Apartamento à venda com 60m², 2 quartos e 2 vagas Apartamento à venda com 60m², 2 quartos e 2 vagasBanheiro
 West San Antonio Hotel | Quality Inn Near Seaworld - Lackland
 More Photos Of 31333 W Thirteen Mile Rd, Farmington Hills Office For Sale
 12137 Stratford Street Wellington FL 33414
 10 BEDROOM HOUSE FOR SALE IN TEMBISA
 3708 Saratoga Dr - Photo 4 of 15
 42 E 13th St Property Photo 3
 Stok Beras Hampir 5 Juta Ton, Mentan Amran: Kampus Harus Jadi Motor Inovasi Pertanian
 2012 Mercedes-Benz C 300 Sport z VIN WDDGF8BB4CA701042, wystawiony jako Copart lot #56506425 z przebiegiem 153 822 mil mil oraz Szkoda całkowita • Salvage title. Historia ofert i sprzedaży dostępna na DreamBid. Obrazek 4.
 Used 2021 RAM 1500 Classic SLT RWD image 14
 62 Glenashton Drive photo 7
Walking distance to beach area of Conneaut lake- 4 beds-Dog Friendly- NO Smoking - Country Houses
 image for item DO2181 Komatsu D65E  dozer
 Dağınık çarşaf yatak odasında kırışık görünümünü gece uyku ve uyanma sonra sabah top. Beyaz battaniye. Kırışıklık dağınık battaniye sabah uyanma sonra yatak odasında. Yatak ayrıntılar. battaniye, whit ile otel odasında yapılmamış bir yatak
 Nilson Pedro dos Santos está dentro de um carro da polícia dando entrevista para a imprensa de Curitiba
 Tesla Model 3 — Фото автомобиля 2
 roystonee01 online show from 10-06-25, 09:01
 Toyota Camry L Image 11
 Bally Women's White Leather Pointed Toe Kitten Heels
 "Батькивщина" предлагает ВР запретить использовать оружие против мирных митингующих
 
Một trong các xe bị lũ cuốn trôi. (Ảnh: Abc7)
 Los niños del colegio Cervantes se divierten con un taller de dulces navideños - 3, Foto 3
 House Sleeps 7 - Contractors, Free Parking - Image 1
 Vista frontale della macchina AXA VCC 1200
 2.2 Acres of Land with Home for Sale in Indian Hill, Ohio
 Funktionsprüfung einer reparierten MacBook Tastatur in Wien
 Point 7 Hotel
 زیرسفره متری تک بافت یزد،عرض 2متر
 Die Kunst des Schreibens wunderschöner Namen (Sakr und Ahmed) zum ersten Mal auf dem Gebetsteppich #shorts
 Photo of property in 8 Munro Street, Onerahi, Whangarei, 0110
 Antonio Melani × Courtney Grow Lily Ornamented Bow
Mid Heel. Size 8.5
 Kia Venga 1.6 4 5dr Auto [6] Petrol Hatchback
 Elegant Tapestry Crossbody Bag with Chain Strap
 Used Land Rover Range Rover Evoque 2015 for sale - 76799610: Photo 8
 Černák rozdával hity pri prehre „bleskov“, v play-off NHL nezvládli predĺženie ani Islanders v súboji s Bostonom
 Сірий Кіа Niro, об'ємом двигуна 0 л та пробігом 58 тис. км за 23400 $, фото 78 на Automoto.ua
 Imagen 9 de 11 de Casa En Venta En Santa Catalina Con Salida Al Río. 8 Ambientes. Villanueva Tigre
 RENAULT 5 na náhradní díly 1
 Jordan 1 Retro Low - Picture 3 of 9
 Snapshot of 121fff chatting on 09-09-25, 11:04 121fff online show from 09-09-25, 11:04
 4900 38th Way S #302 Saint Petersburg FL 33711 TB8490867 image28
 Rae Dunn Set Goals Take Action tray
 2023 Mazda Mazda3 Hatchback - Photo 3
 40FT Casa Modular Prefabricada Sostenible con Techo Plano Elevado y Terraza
◆ ◆ ◆ ◆ ◆ ◆ ◆
(Exercise prompt) When you reach the line holding "3708 Saratoga Dr - Photo 4 of 15" in the records above, begin reproducing exactly, stop after the line holding "زیرسفره متری تک بافت یزد،عرض 2متر", and output nothing else.

(Result for this exercise)
 3708 Saratoga Dr - Photo 4 of 15
 42 E 13th St Property Photo 3
 Stok Beras Hampir 5 Juta Ton, Mentan Amran: Kampus Harus Jadi Motor Inovasi Pertanian
 2012 Mercedes-Benz C 300 Sport z VIN WDDGF8BB4CA701042, wystawiony jako Copart lot #56506425 z przebiegiem 153 822 mil mil oraz Szkoda całkowita • Salvage title. Historia ofert i sprzedaży dostępna na DreamBid. Obrazek 4.
 Used 2021 RAM 1500 Classic SLT RWD image 14
 62 Glenashton Drive photo 7
Walking distance to beach area of Conneaut lake- 4 beds-Dog Friendly- NO Smoking - Country Houses
 image for item DO2181 Komatsu D65E  dozer
 Dağınık çarşaf yatak odasında kırışık görünümünü gece uyku ve uyanma sonra sabah top. Beyaz battaniye. Kırışıklık dağınık battaniye sabah uyanma sonra yatak odasında. Yatak ayrıntılar. battaniye, whit ile otel odasında yapılmamış bir yatak
 Nilson Pedro dos Santos está dentro de um carro da polícia dando entrevista para a imprensa de Curitiba
 Tesla Model 3 — Фото автомобиля 2
 roystonee01 online show from 10-06-25, 09:01
 Toyota Camry L Image 11
 Bally Women's White Leather Pointed Toe Kitten Heels
 "Батькивщина" предлагает ВР запретить использовать оружие против мирных митингующих
 
Một trong các xe bị lũ cuốn trôi. (Ảnh: Abc7)
 Los niños del colegio Cervantes se divierten con un taller de dulces navideños - 3, Foto 3
 House Sleeps 7 - Contractors, Free Parking - Image 1
 Vista frontale della macchina AXA VCC 1200
 2.2 Acres of Land with Home for Sale in Indian Hill, Ohio
 Funktionsprüfung einer reparierten MacBook Tastatur in Wien
 Point 7 Hotel
 زیرسفره متری تک بافت یزد،عرض 2متر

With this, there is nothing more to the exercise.